This morning Jackie worked on clearing the Lawn Bed in readiness for renewed planting. I, in the meantime, jammed as many bags of recyclable garden refuse into the Modus before we drove them to the Efford recycling centre. This is the first time we have visited since before Covid, but Jackie was keen to maintain traditional lore which states that one never visits the facility without making a purchase from the newly named Reuse Shop, from which you can only buy what someone has thrown away with a bank card. Moreover we can only discard our rubbish by appointment which must be made on line. Such is upmarket progress.
She chose a matching pair of what will now be garden plant stands.
I rang the Verderers office later, when, by coincidence, Robert, the Agister was present. He spoke to me at some length, explaining that he knew the foal I had reported a couple of days ago, which was much happier than it had been at first. The large areas around his rump were the result of scouring – a form of diarrhoea brought on by the richness of the mother’s milk. This meant that the liquid excreta adhered to the hair and stripped it off. It is growing back. He wasn’t sure about the lesser blemishes but would see the animal regularly, and wasn’t concerned.
After lunch Jackie continued her weeding and planting while I gathered up compostable material which I transported to the bins, then carried out more dead-heading and weeding, and garnered
a few more photographs, each of which bears a title in the gallery.
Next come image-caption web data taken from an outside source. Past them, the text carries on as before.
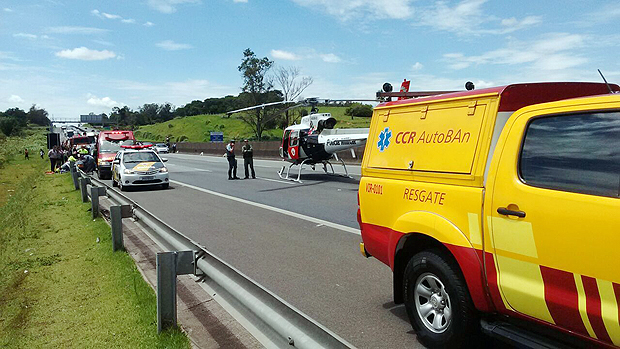Foto: Divulgação/Corpo de Bombeiros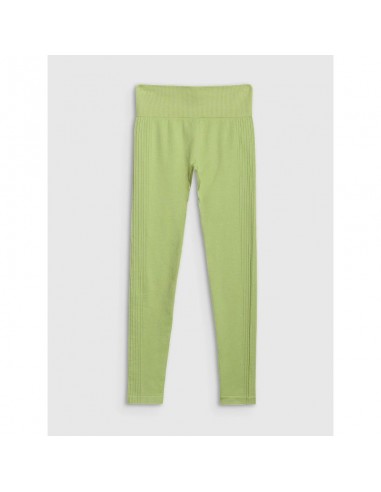 Women's seamless training leggings 4F...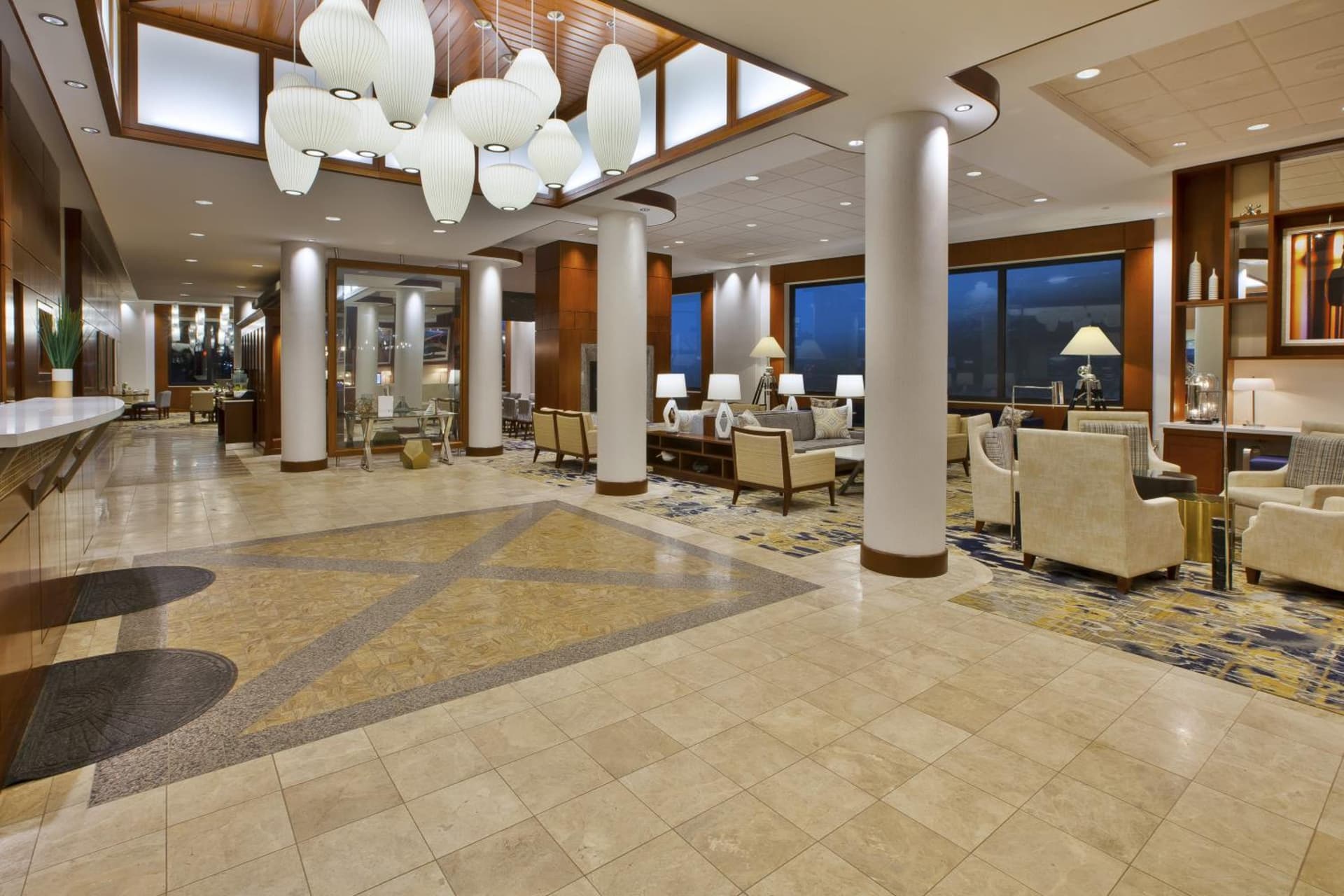 Hilton Garden Inn Portland Downtown Waterfront gallery photo in Portland, ME — image 30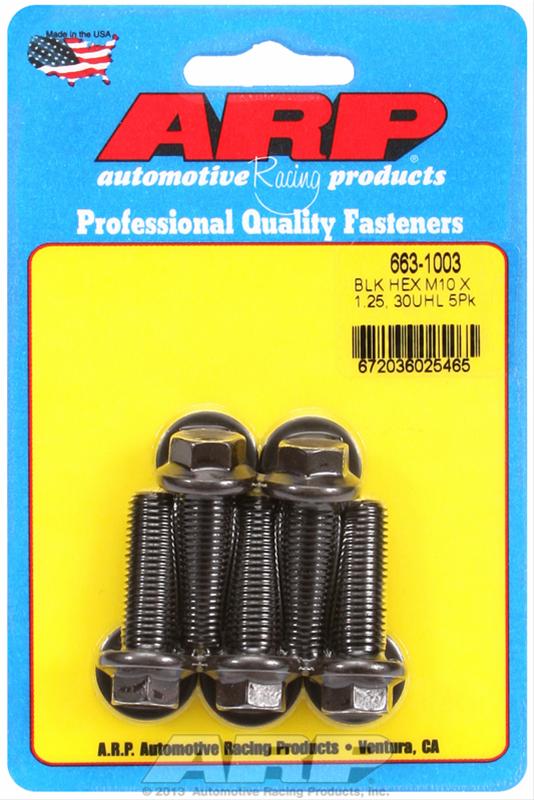 ARP Chromoly Bolts 663-1003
This evening we dined on succulent pork chops and sausages; boiled new potatoes; crunchy carrots, cauliflower, and firm broccoli, with meaty gravy. Jackie drank Hoegaarden; Flo, mixed fruit juice cordial; and I, Chianti Rufino 2018.
First thing this morning I phoned the Verderers office and sent them a link to my post of yesterday. It seems they did not know of that particular foal. My link has been “sent to the local Agister who will check on the foal and inform the owner.”
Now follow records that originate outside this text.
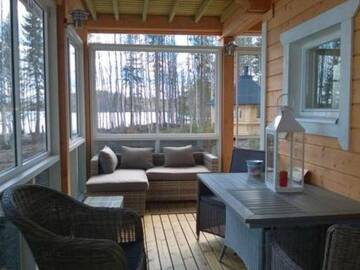 Фото номера Дом для отпуска Дома для отпуска Holiday Home Villa eerola г. Paatela 46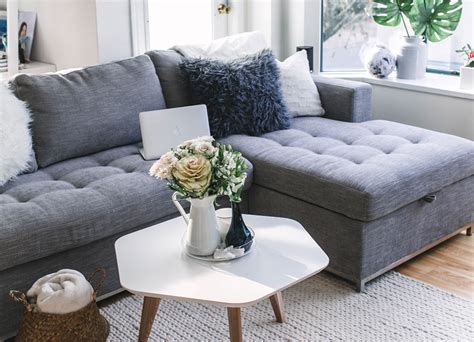 Sofa Bed for Small Spaces: How to Host Your Friends In Your Tiny Home.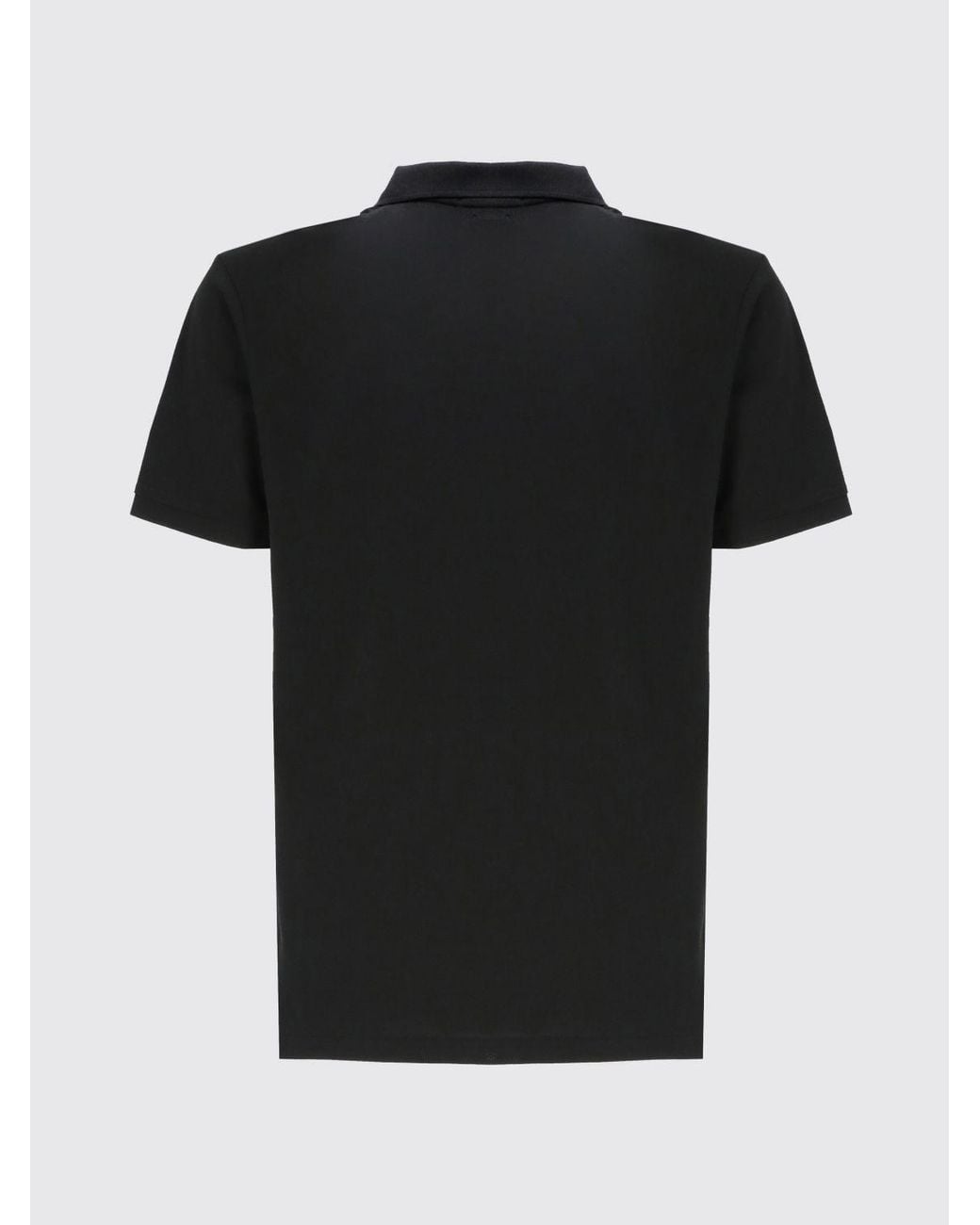 Polo Ralph Lauren Black Polo Shirt for men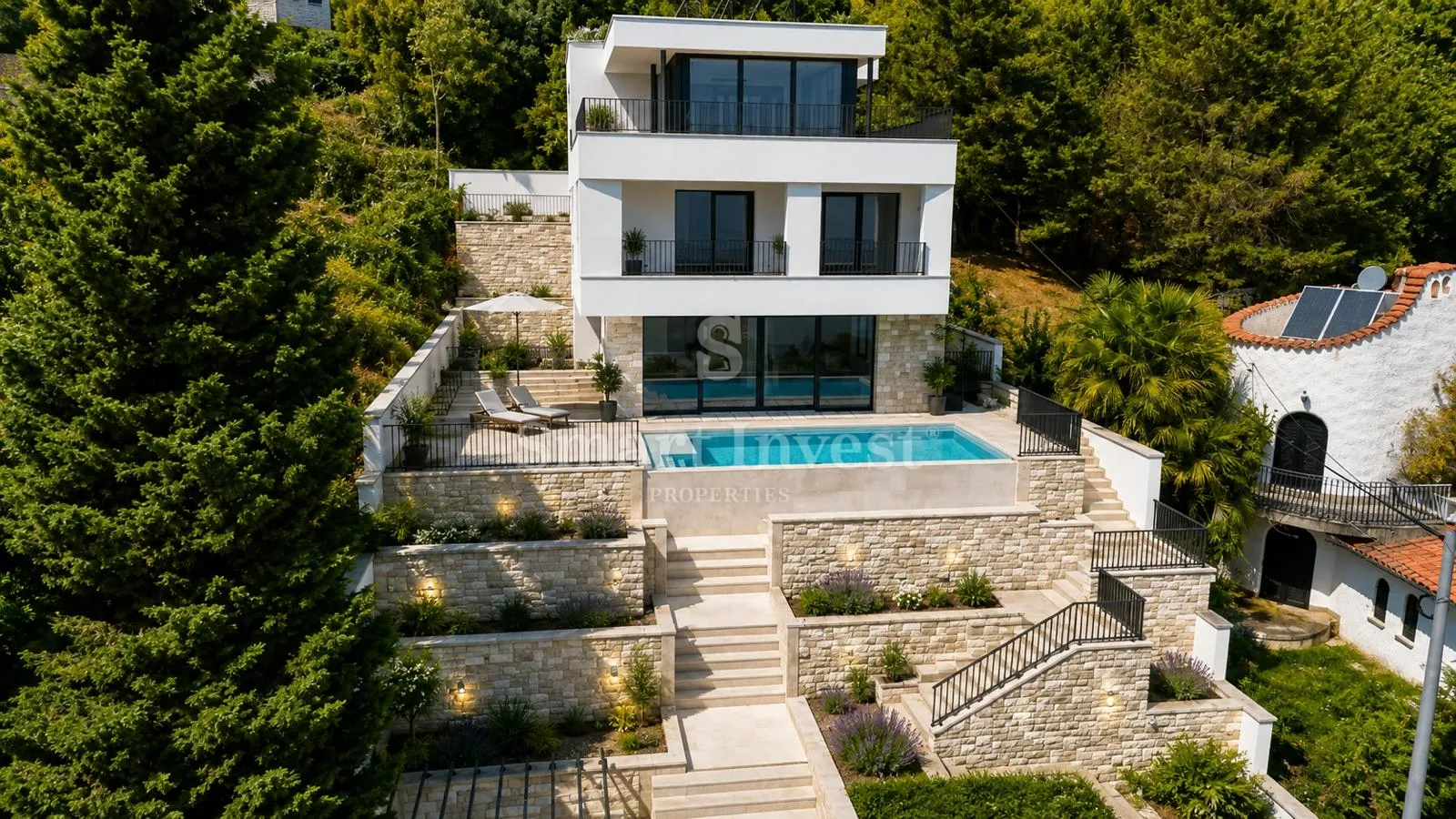 opatija, moderna vila - slika 12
Immediately after lunch Jackie and I, after a visit to the Milford on Sea Pharmacy followed by making purchases at Ferdene Farm Shop, drove further into the forest.
On this overcast and somewhat gloomy day we could still see distant cattle and ponies on the moorland flanking Wilverley Road, down which we continued until tempted by many of the animals gathering at Whitemoor Pond. Jackie parked beside the road at the entrance to a gravelled access route for the forestry commission, and I set out to commune with cattle and ponies.
Beside the two tracks leading across to my quarry one of the ubiquitous signs warning of rare birds nesting enjoined the public not to disturb them.
I refrained from photographing the drink can tossed into the scrub which would be sheltering the said birds whose shrill cries syncopated with
the low drone of overhead planes.
I passed a number of grazing ponies as I trudged along the dry, sandy, soil of the given paths.
Ahead I could see, faster than I could reach them, the animals departing from the soon empty pond.
I turned back the way I had come. It was not until I had almost reached the Modus that I was rewarded by the sight of a pair of ponies and foals stepping out of the shrubbery and
crossing to the other side of the road. As the youngsters skated across the tarmac they almost came a cropper and I wasn’t quick enough to catch their ungainly efforts to right themselves.
Further on the way to Norley Wood a few more ponies settled for their afternoon siesta.
Later, I watched the Wimbledon tennis second round match between Caroline Garcia and Emma Raducanu.
This evening we all dined on meaty pork and chives sausages; creamy mashed potatoes; firm carrots, Brussels sprouts, and broccoli, with tasty gravy; followed by strawberries and cream, with which Jackie drank Hoegaarden, Flo drank mixed fruit cordial, and I finished the Ponce de Leon.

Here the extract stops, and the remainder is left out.